= Charlotte Mendelson =

English novelist and editor, born 1972

Charlotte Jane Mendelson (born 1 November 1972) is an English novelist and editor. She was placed 60th on the Independent on Sunday "Pink List 2007".

==Biography==
Charlotte Mendelson was born on 1 November 1972 in London, England, the daughter of a barrister, Maurice Harvey Mendelson. Mendelson's family moved to Oxford when she was two, where her father taught at St John's College, Oxford. She attended Oxford High School and New College, Oxford, where she received a BA degree in Ancient and Modern History. She was an editor at Jonathan Cape in 1996–1997 and at Headline Review in 1998–2014.
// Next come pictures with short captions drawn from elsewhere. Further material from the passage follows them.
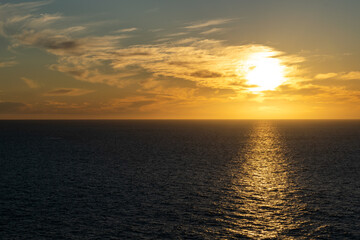 The sun sets on the horizon over the ocean, with colorful and cloudy skies along the coast of Baja California, Mexico.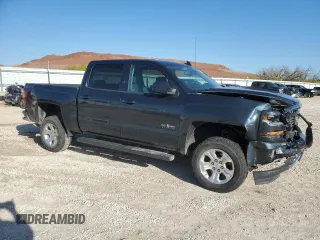 2018 Chevrolet Silverado 1500 LT with VIN 3GCUKRECXJG283331, listed as a Copart auction lot 52102345 with 69,603 mi miles and Salvage Title. Bid and sale history available at DreamBid. Image 4.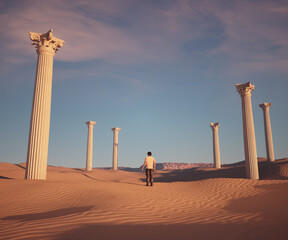 Man walking through desert ruins with ancient columns under a bright blue sky during sunset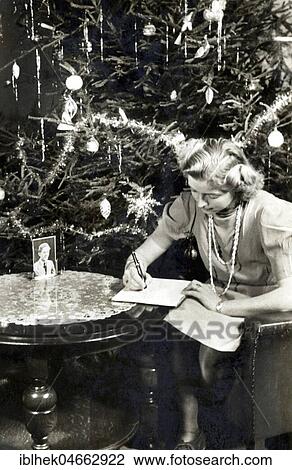 Stock Image - Christmas during World War II, Woman writes a letter in front of Christmas tree, 1940s, Germany, Europe. Fotosearch
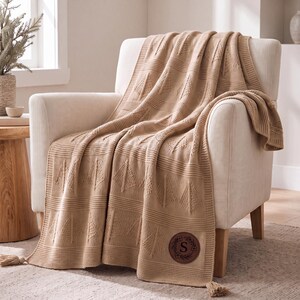 May include: A tan knitted throw blanket featuring a repeating pattern of triangular tree motifs and horizontal textured bands. The blanket includes a circular brown leather patch with the letter S embossed in the center and tassel ends.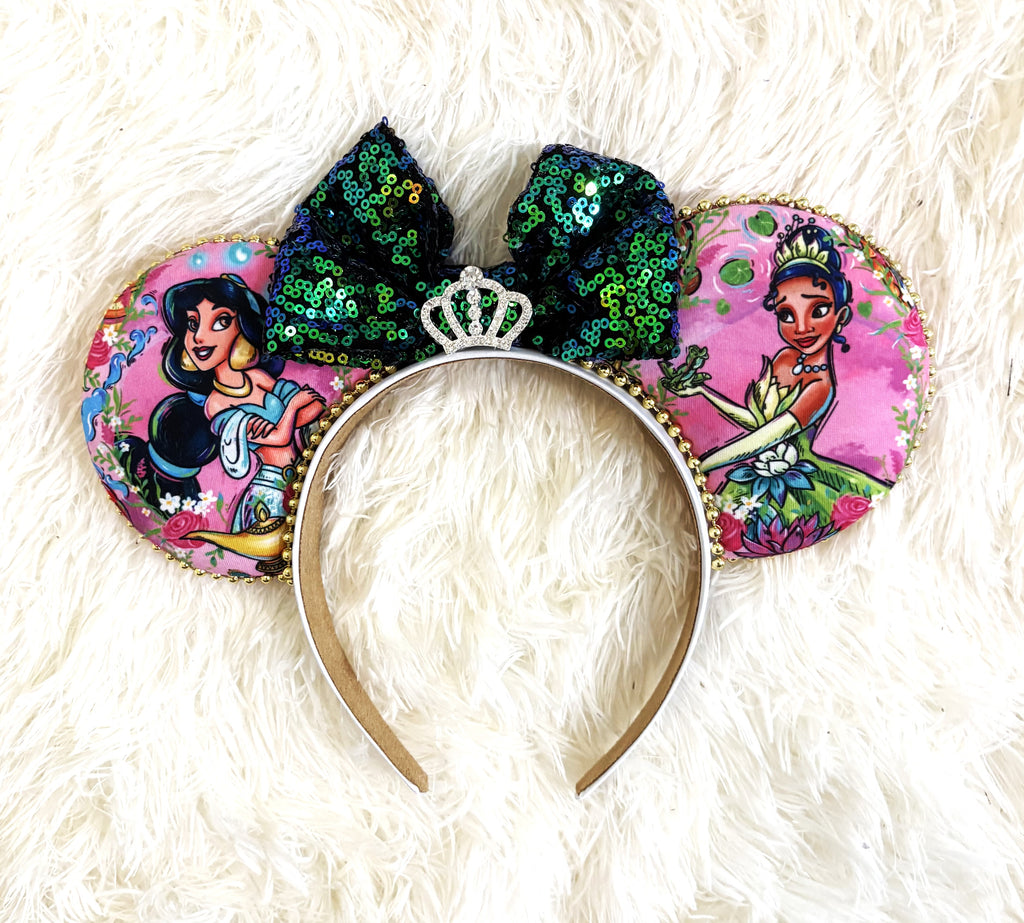 Handcrafted Emerald Wishes Princess Duo mouse ear headband featuring two princess-inspired designs, an emerald and teal sequined bow, jeweled crown centerpiece, pink floral fabric, and gold beaded trim by Pixie Park Co.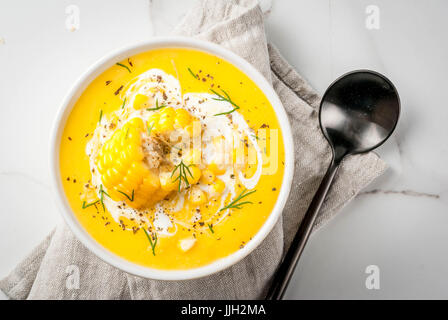 Vegan cuisine. Traditional autumn corn soup. Served with corn cobs, greens, cream. On a white marble table. Copy space top view Stock Photo
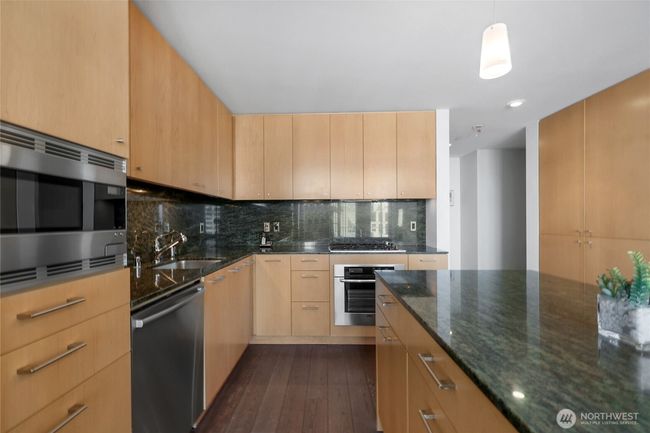 Beautiful modern kitchen with tons of cabinet space | Image 18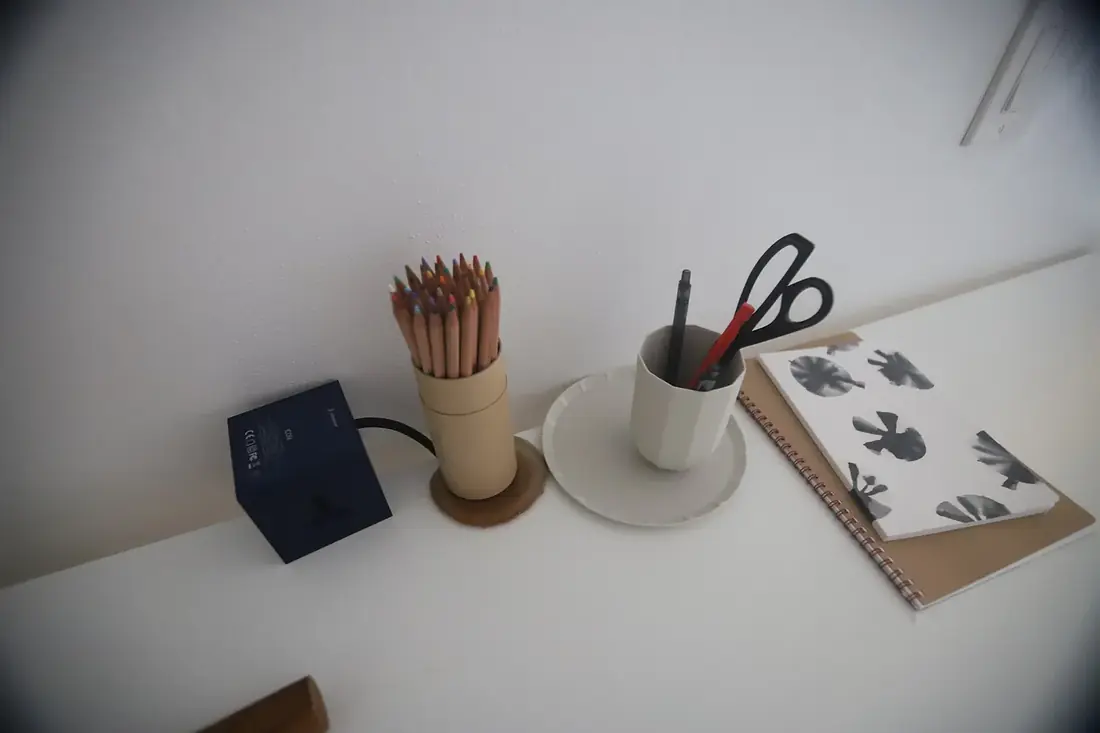A white desk with a pot of coloured pencils, a cup of pens, scissors and a spiral notebook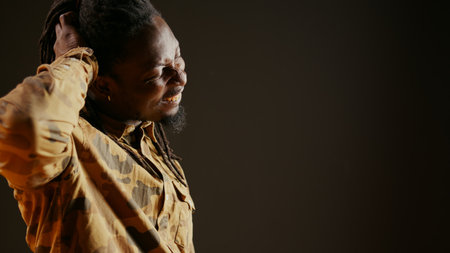 Uncertain person being contemplative and confused on camera, thinking about answer to a question. Unsure clueless adult acting puzzled and reflective, focused guy. Handheld shot.の写真素材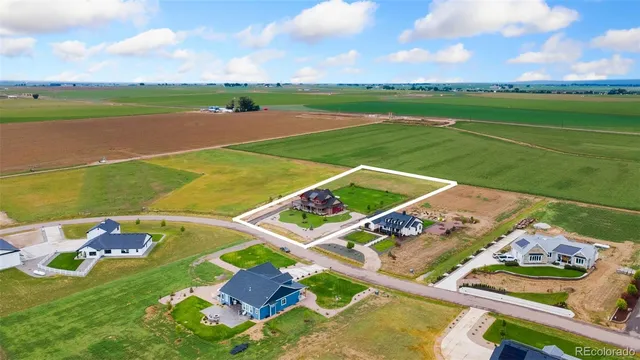 a view of a house with a yard and porch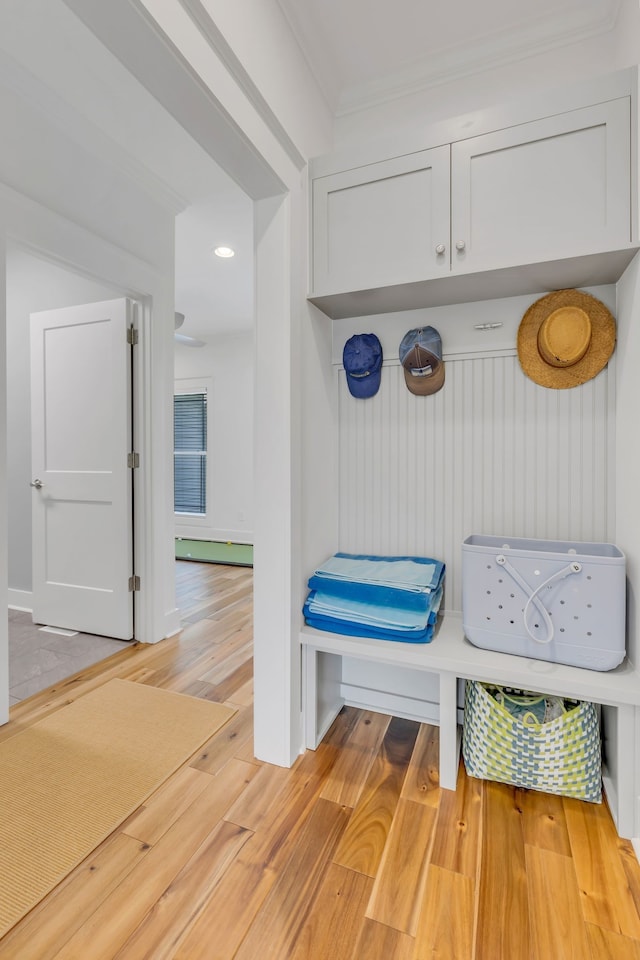 mudroom with ornamental molding, a baseboard radiator, and light wood-type flooring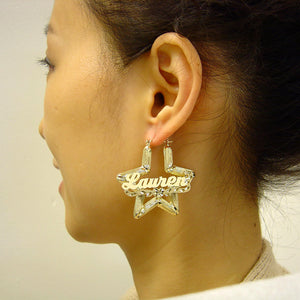 Close up of 10K gold personalized cursive script nameplate on bamboo hoop earring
Mendelson has been a visiting professor of creative writing at Royal Holloway, University of London, since 2017 and a gardening correspondent at the New Yorker since the same year. She became a Fellow of the Royal Society of Literature in 2018.

==Bibliography==
- Love in Idleness (2001)
- Daughters of Jerusalem (2003)
- When We Were Bad (2007)
- Almost English (2013)
- Rhapsody In Green (2016)
- The Exhibitionist (2022)
- Wife (2024)

==Awards and nominations==
- John Llewellyn Rhys Prize
- Somerset Maugham Award
- Sunday Times Young Writer of the Year (shortlisted)
- London Arts New London Writers’ Award
- K. Blundell Trust Award
- Le Prince Maurice Roman d’Amour Prize (shortlisted)
- Geoffrey Faber Memorial Prize (shortlisted)
- Man Booker Prize 2013 (longlisted)
- Baileys Women's Prize for Fiction 2014 (longlisted)
- Women's Prize for Fiction 2022 (longlisted for The Exhibitionist)

==Personal life==
Mendelson lives in London. She has one son and one daughter.